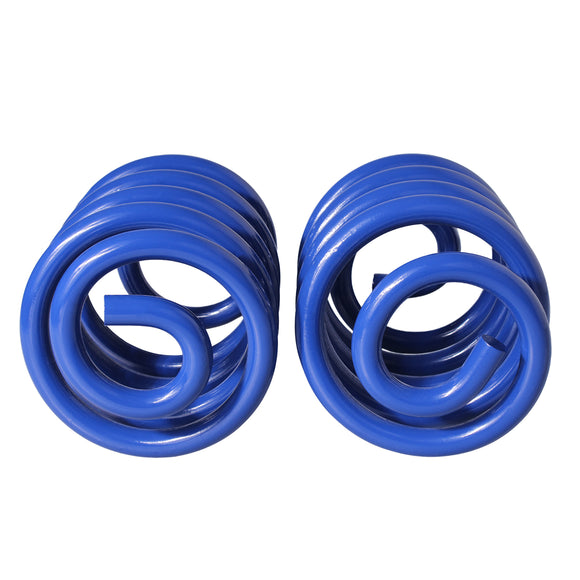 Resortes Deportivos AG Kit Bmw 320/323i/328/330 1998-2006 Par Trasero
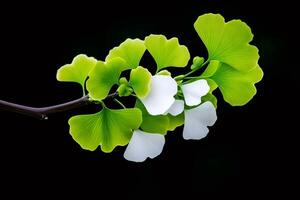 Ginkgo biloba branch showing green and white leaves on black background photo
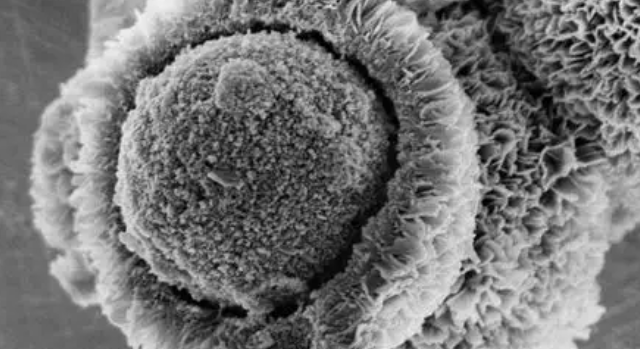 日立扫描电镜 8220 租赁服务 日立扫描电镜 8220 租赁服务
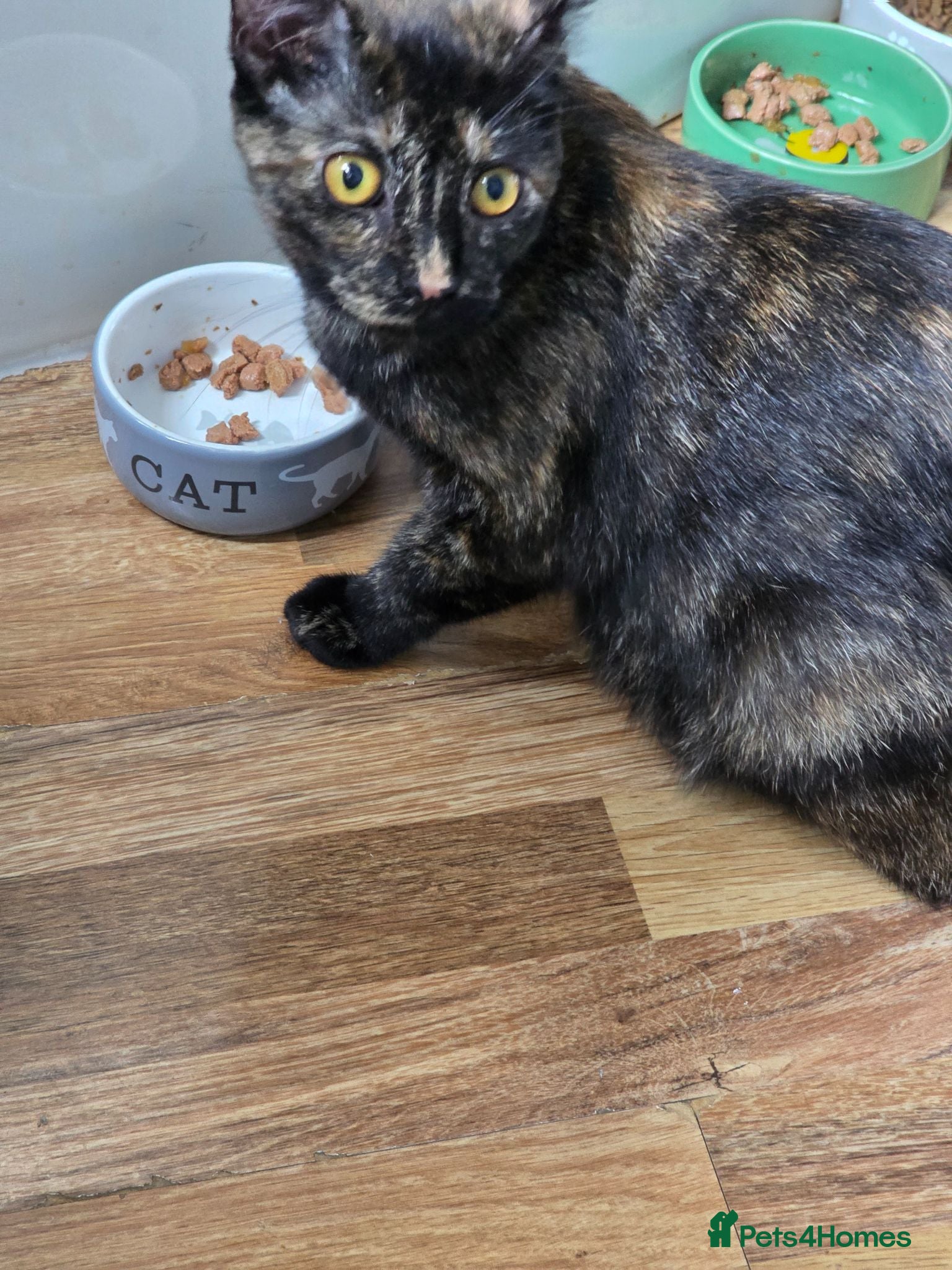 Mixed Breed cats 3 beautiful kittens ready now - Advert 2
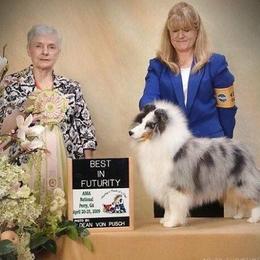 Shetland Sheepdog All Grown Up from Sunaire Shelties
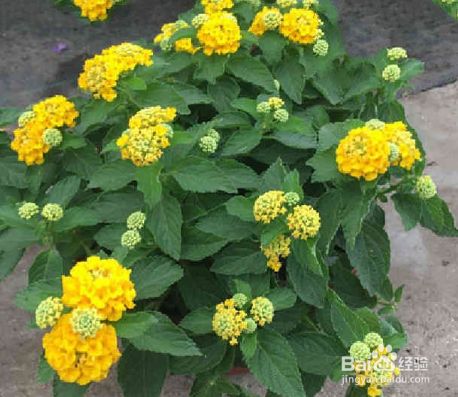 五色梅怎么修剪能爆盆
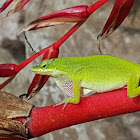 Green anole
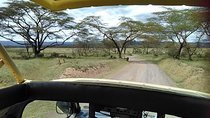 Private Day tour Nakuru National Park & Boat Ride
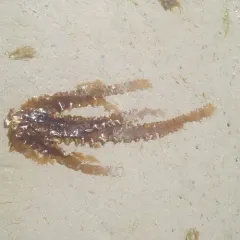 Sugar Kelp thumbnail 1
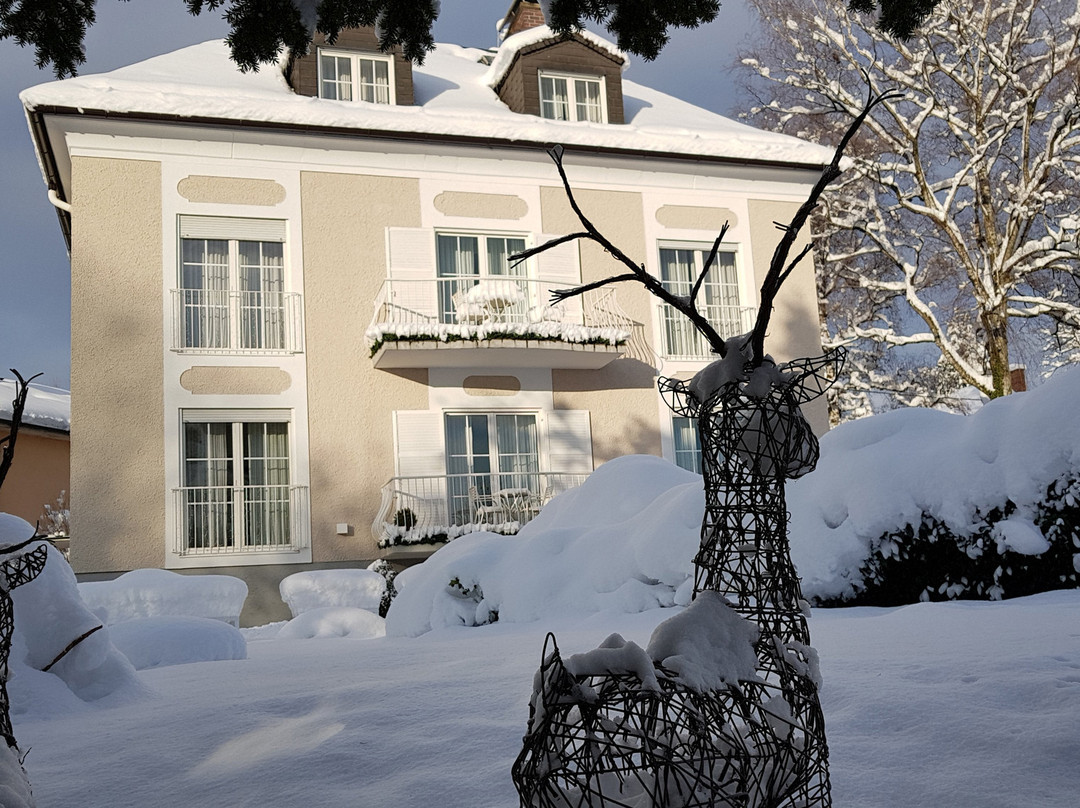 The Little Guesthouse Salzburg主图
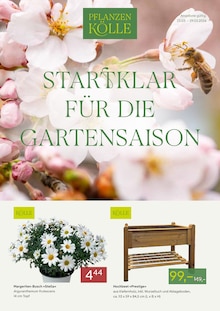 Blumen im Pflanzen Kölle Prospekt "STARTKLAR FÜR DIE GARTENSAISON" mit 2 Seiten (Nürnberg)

* _What you have to do_
Within the material above, find the part that opens with the line containing "日立扫描电镜 8220 租赁服务 日立扫描电镜 8220 租赁服务" and closes with the line containing "The Little Guesthouse Salzburg主图", and reproduce it exactly without the pictures.

* _Response_
 日立扫描电镜 8220 租赁服务 日立扫描电镜 8220 租赁服务
 Mixed Breed cats 3 beautiful kittens ready now - Advert 2
 Shetland Sheepdog All Grown Up from Sunaire Shelties
 五色梅怎么修剪能爆盆
 Green anole
 Private Day tour Nakuru National Park & Boat Ride
 Sugar Kelp thumbnail 1
 The Little Guesthouse Salzburg主图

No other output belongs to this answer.